Aris Folley, Jacob Fulton and Paul M. Krawzak, CQ-Roll Call on

Published in Political News

WASHINGTON — Congressional leaders are closing up shop for the week without voting on their long-sought immigration budget bill, as Senate Republicans struggled to agree on legislative text amid an eleventh-hour fight over a new Justice Department “anti-weaponization” fund.

While Republican leaders had hoped to push the bill through both chambers on strictly party-line votes before leaving Friday for the Memorial Day recess, that timetable evaporated amid a growing GOP backlash toward presidential funding priorities.

Senators had already been considering ditching a $1 billion security funding provision for the Secret Service connected partly to plans for a White House ballroom, which was causing consternation at the other end of Pennsylvania Avenue.

But the announcement this week of the administration’s new $1.8 billion “anti-weaponization” fund further muddied the waters, sealing the fate of floor votes in the Senate on the reconciliation package for this week.

GOP senators leaving a meeting with acting Attorney General Todd Blanche to discuss potential restrictions on the fund — which began at 11 a.m. — said they were getting ready to go home without taking up the bill, which will now have to wait until June.

DOJ talking points distributed to GOP lawmakers ahead of the meeting said the fund would be open to anyone deemed “victims of lawfare and weaponization,” ranging from parents denied a chance to speak at school board meetings to senators whose phone records were searched by the government without notification.

President Donald Trump and his family would be barred from any remuneration from the new fund, which would be open to Americans of all political leanings. “There is no partisan restriction,” the memo said. “Democrats can submit claims, too.”

But the talking points and in-person follow-up from Blanche weren’t sufficient to get enough GOP senators on board.

“The Senate wants to measure twice and cut once, and we’re not quite ready to cut yet, so we got to take this good deal and make it better somehow,” Sen. Roger Marshall, R-Kan., said after the meeting. He said he didn’t think “it’s that simple” to come up with restrictions that could be placed on the fund to resolve ethical concerns.

The DOJ fund has been “a big issue” in the party’s deliberations on the reconciliation bill, Senate Majority Leader John Thune said after the meeting with Blanche. He argued the White House has more of a sales job ahead of it before the legislation advances.

“They need to help with this issue, because we have a lot of members who are concerned, obviously about the timing, but also about the substance,” said Thune, R-S.D.

House GOP antsy

The lack of movement in the Senate already had House GOP leaders getting antsy with Memorial Day weekend around the corner and members already leaving Washington. There were 10 House Republicans missing from Wednesday’s last vote of the day, twice the number of absent Democrats.

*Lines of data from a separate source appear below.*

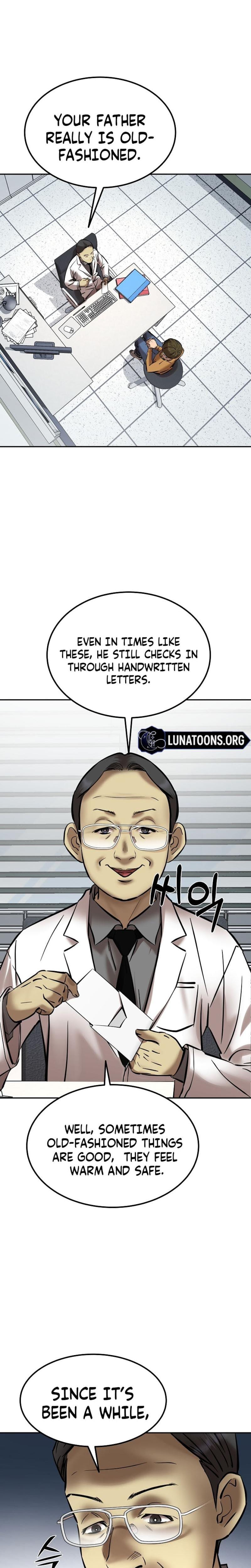 Born in Black Uncensored, chapter 18, page 30 of 43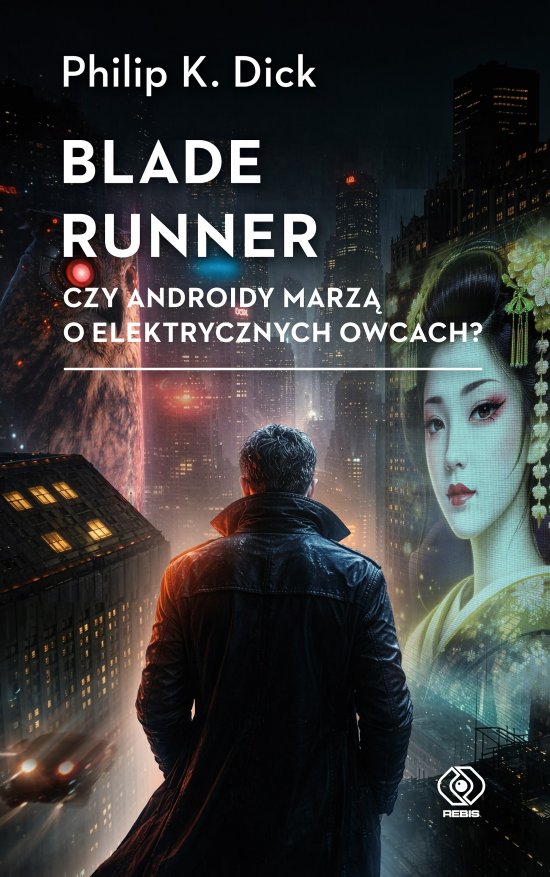 Blade runner. Czy androidy marz� o elektrycznych owcach?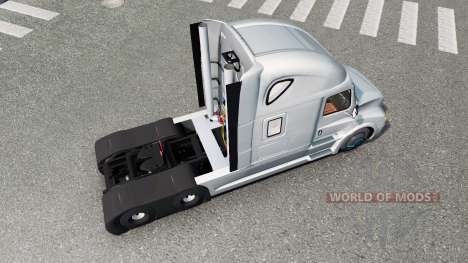 Freightliner Inspiration 2015 для Euro Truck Simulator 2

“I do have to ask the Senate about the timetable,” Speaker Mike Johnson said before it became clear senators were heading home. “We’re waiting on the Senate action right now. That’s all I can tell you.”

 

Once the Senate abandoned a vote Thursday, Johnson canceled a planned meeting with Trump on the bill and canceled all House votes scheduled for Friday.

GOP leaders will need nearly every Republican vote they can get on the bill, which would provide nearly $70 billion for Immigration and Customs and Enforcement and the Border Patrol, which have been without regular appropriations since mid-February. Democrats have refused to back that funding without new restrictions on federal immigration agents.

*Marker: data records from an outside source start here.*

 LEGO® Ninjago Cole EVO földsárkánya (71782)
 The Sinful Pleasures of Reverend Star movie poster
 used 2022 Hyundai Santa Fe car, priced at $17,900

A punt on a final vote until June would also underscore the difficulty of passing yet another filibuster-proof reconciliation bill with razor-thin GOP majorities.

Democrats have mounted a vocal offensive against the new DOJ initiative, which they say amounts to a slush fund for Trump’s allies and supporters. They were preparing to attack the reconciliation bill from all sides as part of this week’s “vote-a-rama,” which now will have to wait until June.

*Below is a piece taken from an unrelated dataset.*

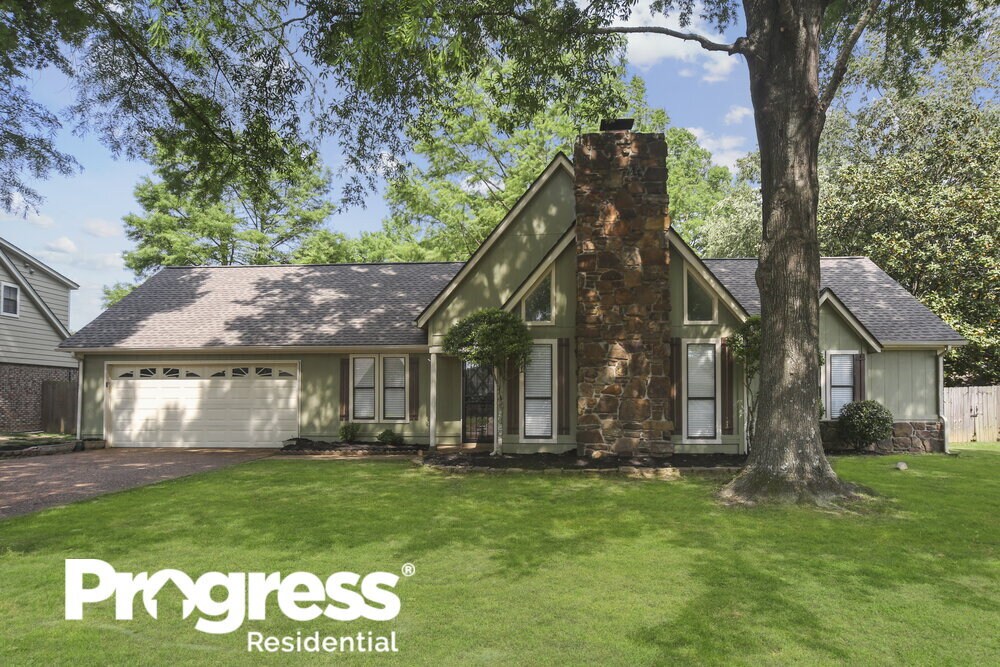 3754 Earlynn Dr, Bartlett, TN 38133 House for Rent in Bartlett, TN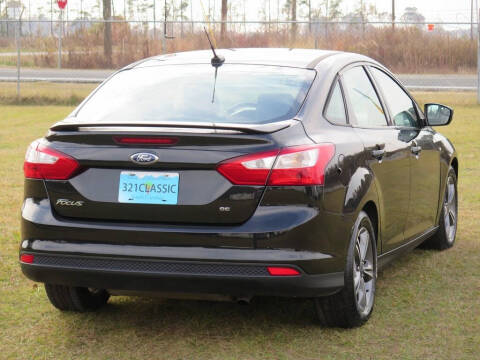 2014 Ford Focus SE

Senate Minority Leader Charles E. Schumer, D-N.Y., said Democrats would be charging that “Republicans are actively helping Trump steal from the American people to fund his ballroom and his multibillion-dollar MAGA slush fund.”

“In the coming debate, the contrast between Democrats and Republicans will be on full display,” Schumer said. “We will show Democrats are fighting for lower costs for healthcare, for energy, for groceries, for gasoline, for childcare. Trump and Republicans are making costs skyrocket.”

Schumer said on the Senate floor Thursday that the first amendment he would offer during the vote-a-rama would block the Justice Department fund.

House Minority Leader Hakeem Jeffries, D-N.Y., said Democrats also would push against the immigration enforcement funding included in the bill.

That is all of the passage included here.